12.07.2011

Skinner's Loft...

On the recommendation of two very different people, my boyfriend and I headed over to the under- explored (for us at least) Jersey City to Skinner's Loft. We were super excited to try something that is not our usual, but at the same time skeptical. Skinner's Loft is a sweet little place, a bar like area downstairs and and upstairs dining room. Romantic lighting, cozy, pretentious mix-matching of table settings and pieces, lovely decorations, all the things that we hoped promised a great meal.
our little bread basket
The menu comprised of small plates, sharing plates, entrees and sides. We chose a warm goat cheese and beet tart as a small plate, along with the bacon cheddar and blue cheese fritters as a sharing plate. The goat cheese tart was a wild mix of textures, that seemed uncertain together. The tang of the goat cheese and the sweetness of the beet clashed almost alarmingly with the fresh apple that served as a kind of garnish that invited them all to be tasted together. Something about the beet and the apple was also off putting, in a way the way the two of them feel in the mouth is almost too similar. Usually I am a sucker for textures, and I thought that the creamy warm cheese along with the crisp tartness of the fresh apple and the sweet beet would me mildly enjoyable, but the airy flakiness of the puff pastry threw most everything off. The pastry instantaneously vanished with the other tastes but created a kind of staccato effect with its flakes, cutting the other tastes in-harmoniously.
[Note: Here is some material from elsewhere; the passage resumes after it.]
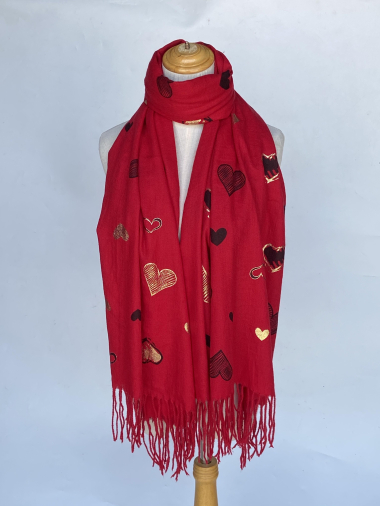 Mayorista Mac Moda - Fringed printed scarf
Next we ventured to taste the bacon, tomato, blue cheese fritters. This sharing plate probably came with too many fritters for just two people sharing, which is interesting. The fritters were warm and delicious on first bite, but every bite afterward was overly saturated with the taste of bacon. Don't get me wrong, bacon is important to me, but I wanted to see how the other flavors might play together in the heavy batter of the fritter. Despite their heavy bacon influence, I still enjoyed them in their fancy aioli sauce.
I ordered the NY Strip Steak accompanied by Parmesan topped fries with a truffle aioli dipping sauce. This is so typical Randi when dining out, I was disappointed in myself, but there is something about the allure of meat and potatoes with a hint of truffle that had me sold. Unfortunately, it was not great. Even as a member of the "Clean Plate Club," refused to clean my plate. The steak was dry and flavorless, even cooked at medium rare, and as much as the aioli was designed to help, it couldn't. That was what I call, "lost cause meat." The fries also had a dry, over cooked texture, that neither salt nor parmesan could save.
My boyfriend, on the other hand was braver, and ordered an entree off of the specials menu. The dish featured tile fish (what ever that is), on top of a molded mound of various elements like potatoes, kale, and lobster. On first taste, this fancy menagerie, was delicious. Savory, rich, succulent and a parade of textures. After several bites (sorry Joe) the taste remained rich and savory, but almost too much so, feeling like melted butter on the tongue; the tile fish and the kale came off to be very salty; and the potatoes, which we believed were included in the recipe to help cut the richness, were not the right texture to accompany the other ingredients. With all that said, I really did like the dish. It had great potential and creativity, just some elements could have been tweaked to round out the symphony that was beginning to form.
I wanted dessert, and per usual, I got it. I ordered a crepe, that was artfully filled with bananas and a caramel sauce garnished with a large dollop of whipped cream, that in the end I was wishing was ice cream. Somehow, despite the obvious sweetness of the sauce, and the inherent sweetness of the bananas, the dessert was not overwhelmingly sweet. Perhaps it was the crepe's texture and flat flavor that toned the whole dessert down. It was good, and a good way to end the meal, that had less than satisfactory results.
After paying the bill and walking down the stairs to leave the restaurant, we decided that we didn't really need to go there again. Some parts of our meal were trying to be too fancy for their own good, while other parts could have been stepped up a notch in preparation.